## Dataset entries
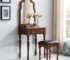 Classic solid wood vanity with mirror and drawer in a cozy bedroom setting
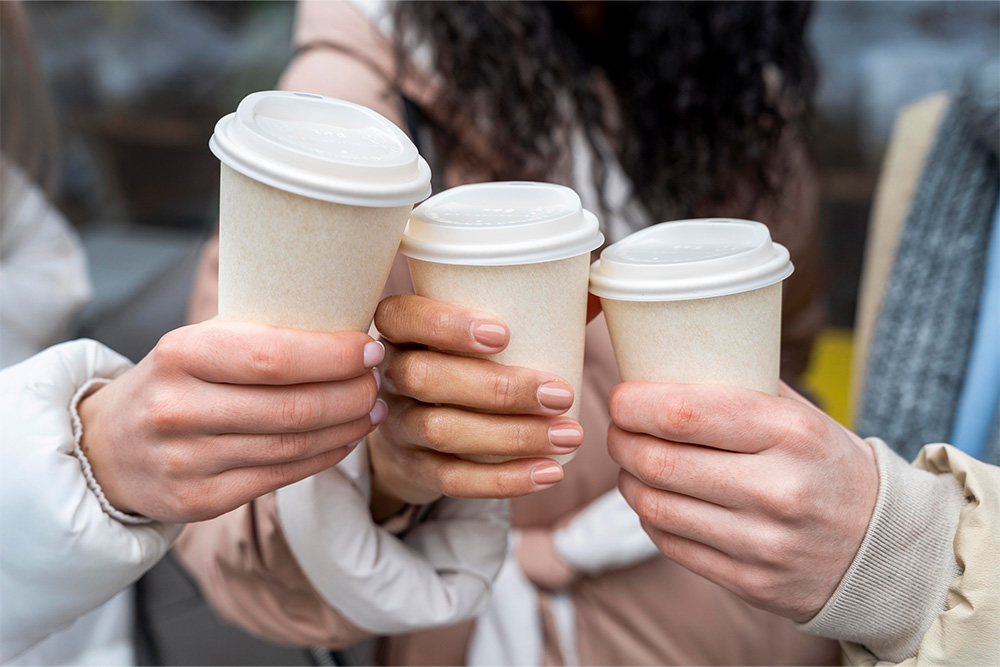 Drei Hände halten Kaffeebecher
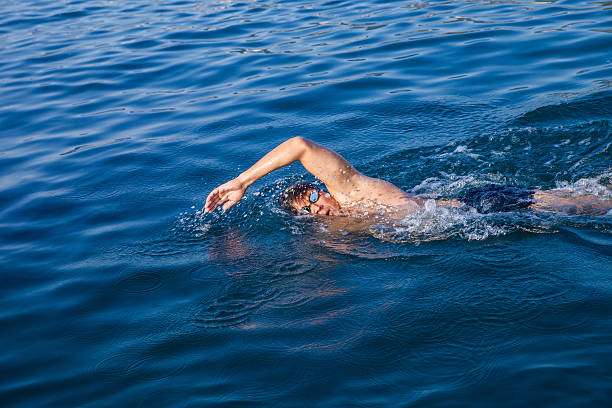 istock Man swimming in blue water 619068886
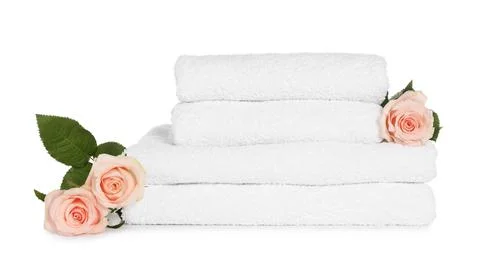 Stack of clean soft towels with flowers isolated on white Stockfoto's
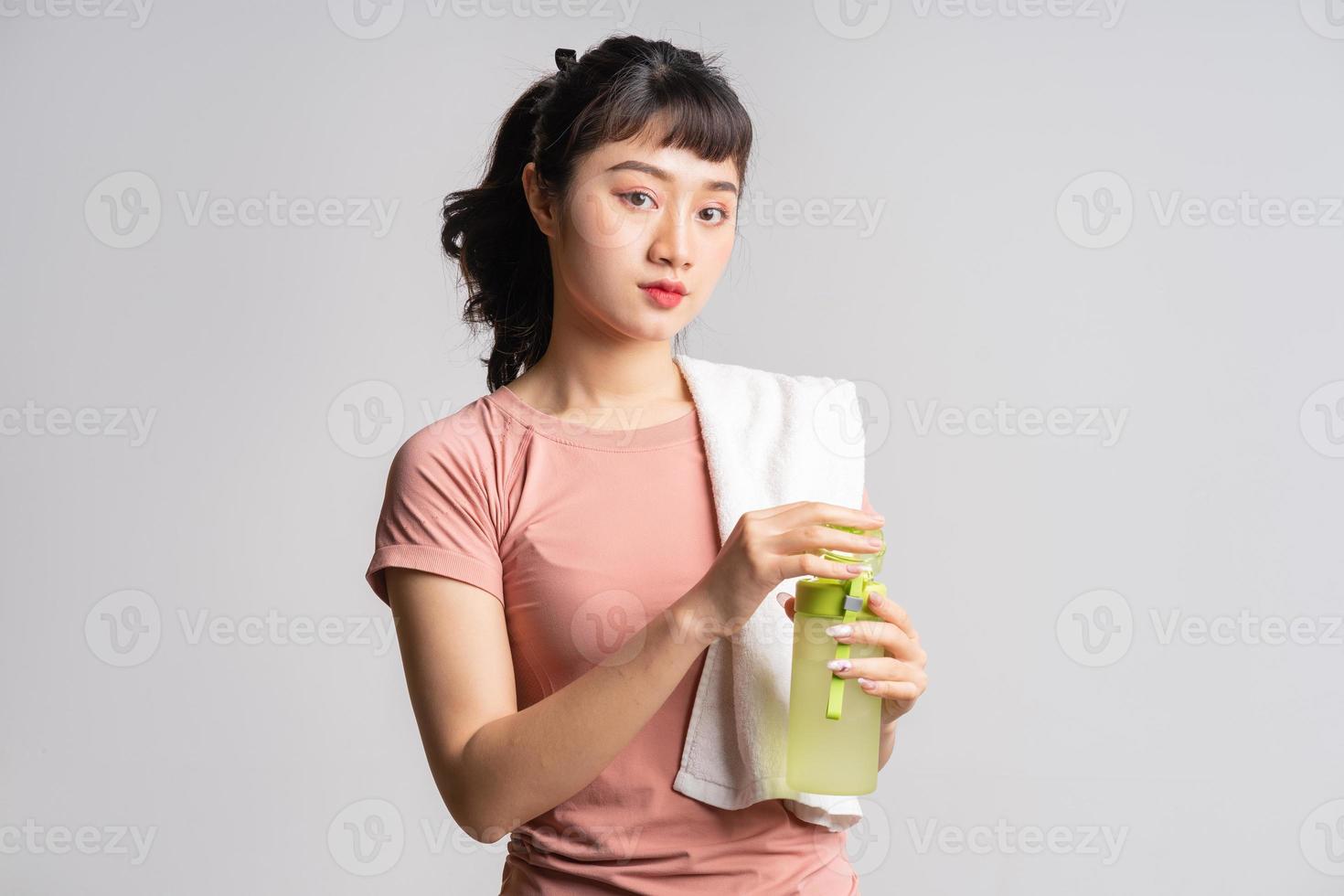 Joven mujer asiática haciendo ejercicio sobre fondo blanco. foto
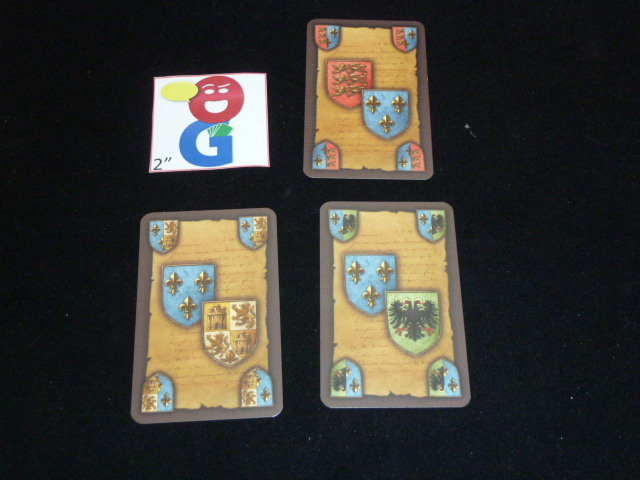 The 3 different varieties of intrigue cards that involve France (the blue country)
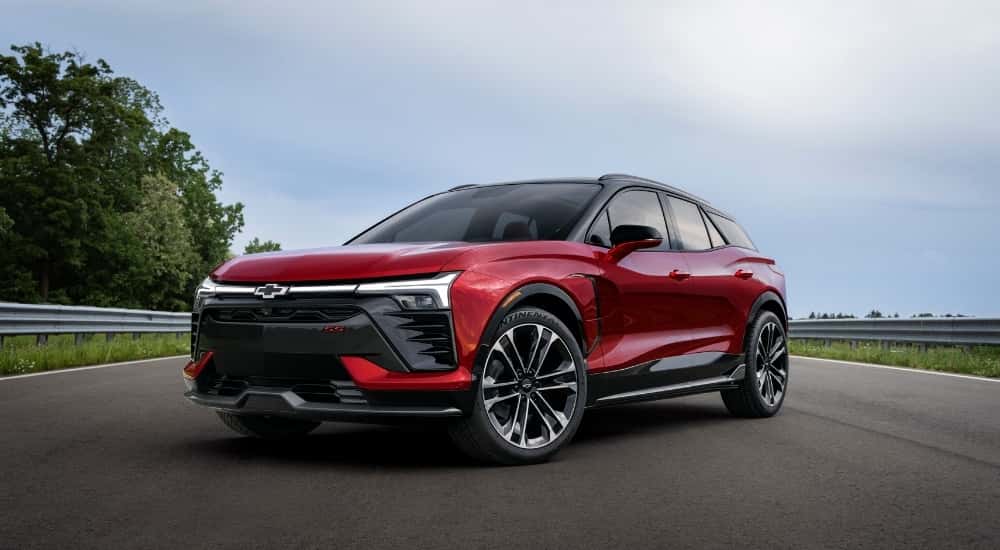 Red 2026 Chevy Blazer EV parked on a road.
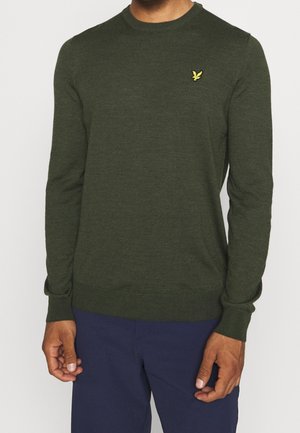 Mand iført mørkegrøn crewneck-trøje med lille gul fuglelogo på brystet og mørkeblå bukser, stående med armene afslappet.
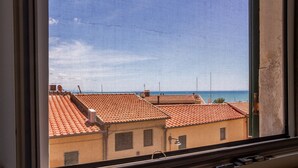 Blick aus dem Fenster auf Gebäude mit Terrakotta-Dächern, einen klaren Himmel und ein entferntes Gewässer.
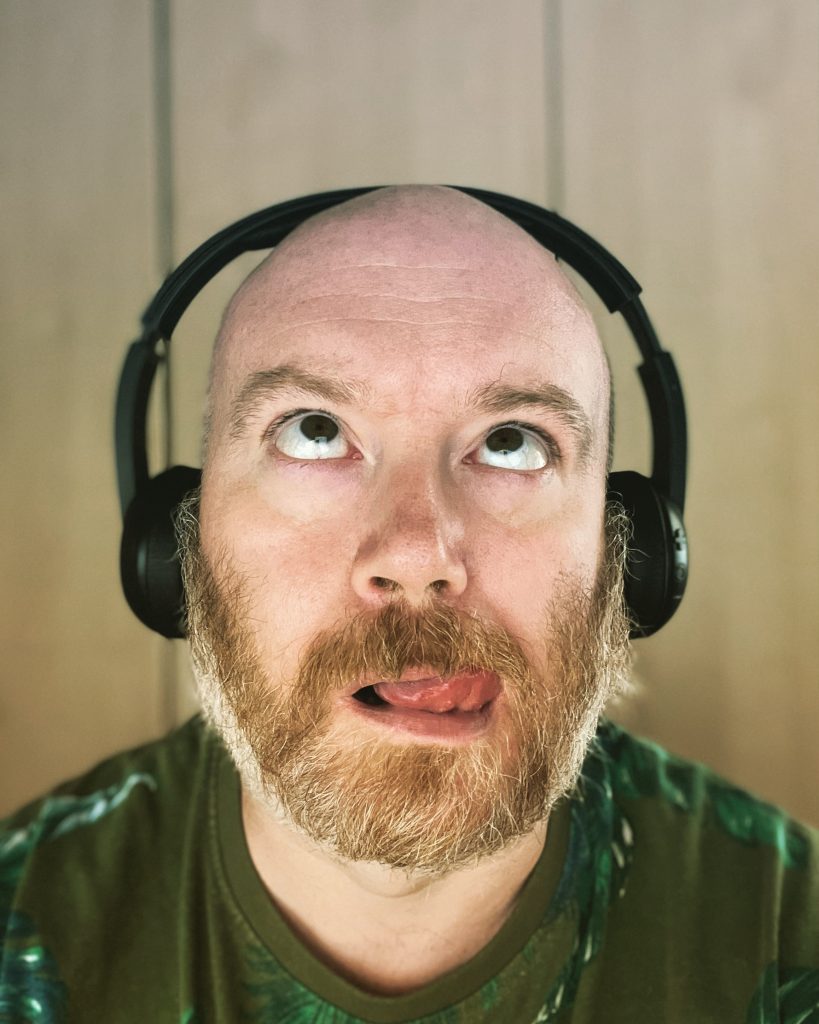 A close-up selfie of a cis, white bald man with a ginger beard. He's wearing black headphones and a green flowery T-shirt. His eyes are rolled to the ceiling and his tongue is sticking out.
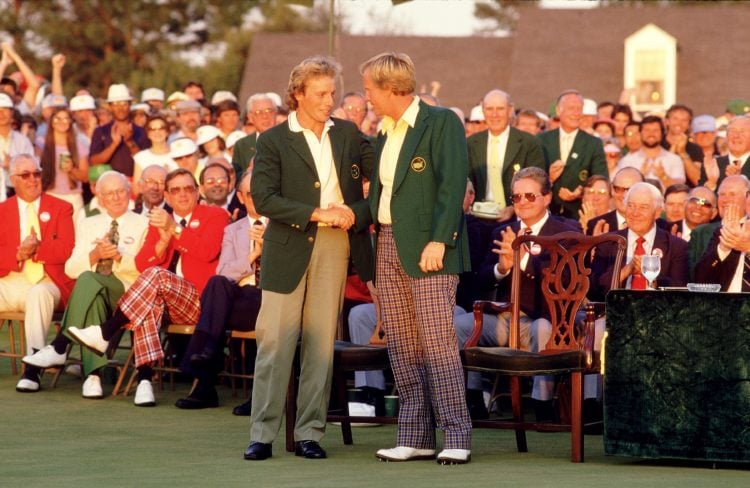 13 Apr 1986:  Jack Nicklaus of the USA receives the Green Jacket from previous winner Bernhard Langer of Germany after victory in the US Masters at...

## Problem requirements
Exclude the pictures and print the rest of the data exactly.

## Result
 Classic solid wood vanity with mirror and drawer in a cozy bedroom setting
 Drei Hände halten Kaffeebecher
 istock Man swimming in blue water 619068886
 Stack of clean soft towels with flowers isolated on white Stockfoto's
 Joven mujer asiática haciendo ejercicio sobre fondo blanco. foto
 The 3 different varieties of intrigue cards that involve France (the blue country)
 Red 2026 Chevy Blazer EV parked on a road.
 Mand iført mørkegrøn crewneck-trøje med lille gul fuglelogo på brystet og mørkeblå bukser, stående med armene afslappet.
 Blick aus dem Fenster auf Gebäude mit Terrakotta-Dächern, einen klaren Himmel und ein entferntes Gewässer.
 A close-up selfie of a cis, white bald man with a ginger beard. He's wearing black headphones and a green flowery T-shirt. His eyes are rolled to the ceiling and his tongue is sticking out.
 13 Apr 1986:  Jack Nicklaus of the USA receives the Green Jacket from previous winner Bernhard Langer of Germany after victory in the US Masters at...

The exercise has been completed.